Dissuader les délinquants à risque

Ce n’est pas forcément en termes de dissuasion générale que l’éventail actuel des sanctions existantes est le plus susceptible d’être amélioré. En effet, plutôt que de chercher à renforcer cette dissuasion qui s’adresse à tout le monde en général et à personne en particulier et qui atteint en fait très inégalement ses divers destinataires, l’arsenal des sanctions pourrait viser une meilleure dissuasion spéciale, celle qui s’adresse précisément à des délinquants avérés et susceptibles de récidiver. La SAAQ pourrait ainsi pratiquer une forme de dissuasion spéciale en réduisant progressivement les droits à des prestations des individus s’étant rendus coupables d’infractions au volant. Cette dissuasion spéciale pourrait prioritairement s’adresser à ceux qui font appel à la SAAQ des suites d’un accident dont ils sont criminellement responsables, mais également à tous ceux qui se rendent coupables d’infractions criminelles au volant n’ayant «encore» causé ni mort, ni blessure. La SAAQ pourrait très concrètement prendre systématiquement contact avec ces individus, par écrit, en leur expliquant pourquoi et dans quelle mesure leurs droits à des prestations sont dorénavant réduits et à quels frais pourrait les exposer la commission de futures infractions criminelles causant des dommages physiques ou la mort.
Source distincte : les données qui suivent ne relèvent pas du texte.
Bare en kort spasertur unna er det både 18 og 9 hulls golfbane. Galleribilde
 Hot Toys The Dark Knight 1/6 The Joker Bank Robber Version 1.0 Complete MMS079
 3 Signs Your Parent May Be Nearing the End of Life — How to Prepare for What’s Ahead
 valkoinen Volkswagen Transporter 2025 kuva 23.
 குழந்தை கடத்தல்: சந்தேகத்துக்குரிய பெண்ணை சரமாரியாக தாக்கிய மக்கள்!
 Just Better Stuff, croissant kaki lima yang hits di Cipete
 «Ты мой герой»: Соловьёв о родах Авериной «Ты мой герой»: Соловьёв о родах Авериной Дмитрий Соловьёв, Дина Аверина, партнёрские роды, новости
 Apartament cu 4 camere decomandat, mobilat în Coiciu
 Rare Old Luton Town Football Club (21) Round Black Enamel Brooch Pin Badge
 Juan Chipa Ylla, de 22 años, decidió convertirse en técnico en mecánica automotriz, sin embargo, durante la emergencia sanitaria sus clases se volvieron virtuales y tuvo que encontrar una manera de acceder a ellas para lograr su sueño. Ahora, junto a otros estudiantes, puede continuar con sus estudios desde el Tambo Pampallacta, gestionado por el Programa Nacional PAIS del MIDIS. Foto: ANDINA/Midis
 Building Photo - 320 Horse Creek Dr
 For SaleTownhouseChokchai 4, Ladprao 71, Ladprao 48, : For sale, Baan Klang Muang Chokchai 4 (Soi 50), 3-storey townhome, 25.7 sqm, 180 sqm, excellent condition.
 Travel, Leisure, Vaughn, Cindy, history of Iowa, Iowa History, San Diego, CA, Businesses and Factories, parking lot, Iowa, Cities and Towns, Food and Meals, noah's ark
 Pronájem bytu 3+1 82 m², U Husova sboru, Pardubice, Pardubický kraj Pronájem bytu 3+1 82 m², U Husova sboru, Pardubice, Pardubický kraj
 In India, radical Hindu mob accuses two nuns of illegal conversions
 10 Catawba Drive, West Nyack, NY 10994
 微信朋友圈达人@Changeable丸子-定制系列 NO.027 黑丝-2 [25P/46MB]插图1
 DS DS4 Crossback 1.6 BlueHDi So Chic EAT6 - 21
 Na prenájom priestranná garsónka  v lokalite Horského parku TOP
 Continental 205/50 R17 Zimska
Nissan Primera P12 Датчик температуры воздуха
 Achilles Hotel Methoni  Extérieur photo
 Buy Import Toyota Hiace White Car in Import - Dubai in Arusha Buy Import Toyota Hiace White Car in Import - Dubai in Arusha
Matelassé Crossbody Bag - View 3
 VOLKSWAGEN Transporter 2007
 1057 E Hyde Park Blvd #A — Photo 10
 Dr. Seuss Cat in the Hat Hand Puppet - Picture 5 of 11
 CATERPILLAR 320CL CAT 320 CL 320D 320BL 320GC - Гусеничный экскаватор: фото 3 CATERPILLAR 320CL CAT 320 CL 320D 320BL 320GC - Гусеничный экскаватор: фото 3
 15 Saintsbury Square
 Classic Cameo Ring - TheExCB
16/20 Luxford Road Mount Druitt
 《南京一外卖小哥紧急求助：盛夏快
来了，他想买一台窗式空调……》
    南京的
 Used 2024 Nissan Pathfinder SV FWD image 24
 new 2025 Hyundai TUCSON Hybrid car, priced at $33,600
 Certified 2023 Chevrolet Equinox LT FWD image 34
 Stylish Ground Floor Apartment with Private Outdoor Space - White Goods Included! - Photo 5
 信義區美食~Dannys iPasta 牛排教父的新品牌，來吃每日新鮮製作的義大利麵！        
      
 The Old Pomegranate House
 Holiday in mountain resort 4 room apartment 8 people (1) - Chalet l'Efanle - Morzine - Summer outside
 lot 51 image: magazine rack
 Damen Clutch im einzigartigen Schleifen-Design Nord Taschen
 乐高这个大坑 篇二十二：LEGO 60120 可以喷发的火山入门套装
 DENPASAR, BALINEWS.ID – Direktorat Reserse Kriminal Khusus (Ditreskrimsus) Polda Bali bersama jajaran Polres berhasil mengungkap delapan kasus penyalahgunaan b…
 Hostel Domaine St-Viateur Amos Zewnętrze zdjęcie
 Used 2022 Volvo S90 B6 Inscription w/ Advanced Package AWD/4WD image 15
En définitive, si le régime d’indemnisation des accidentés de la route comportait des sanctions économiques pour les délinquants, il dépendrait grandement de la SAAQ qu’il produise ou non des effets dissuasifs appréciables. Cela dépendrait, d’une part, de la rigueur avec laquelle la SAAQ appliquerait ces sanctions et, d’autre part, de la publicité dont elle entourerait ses pratiques d’indemnisation. Aussi, il serait hasardeux de prédire aujourd’hui que d’éventuelles modifications au régime d’indemnisation des victimes de la route n’auraient pas d’effet dissuasif significatif. Attendons plutôt de connaître la teneur de ces modifications, la manière dont elles seront appliquées et la publicité qui leur sera faite.

Un peu plus de cohérence

Nous doutons enfin qu’il faille nécessairement que d’éventuelles modifications se traduisent par une dissuasion massive pour se justifier. La première raison en est qu’il en va de la protection de la vie et l’intégrité corporelle. La seconde que de telles modifications permettraient à l’État de corriger une injustice manifeste. La troisième que l’État ferait preuve d’un peu plus de cohérence vis-à-vis des délinquants-justiciables de la route, cohérence dont dépend directement sa crédibilité aux yeux des citoyens.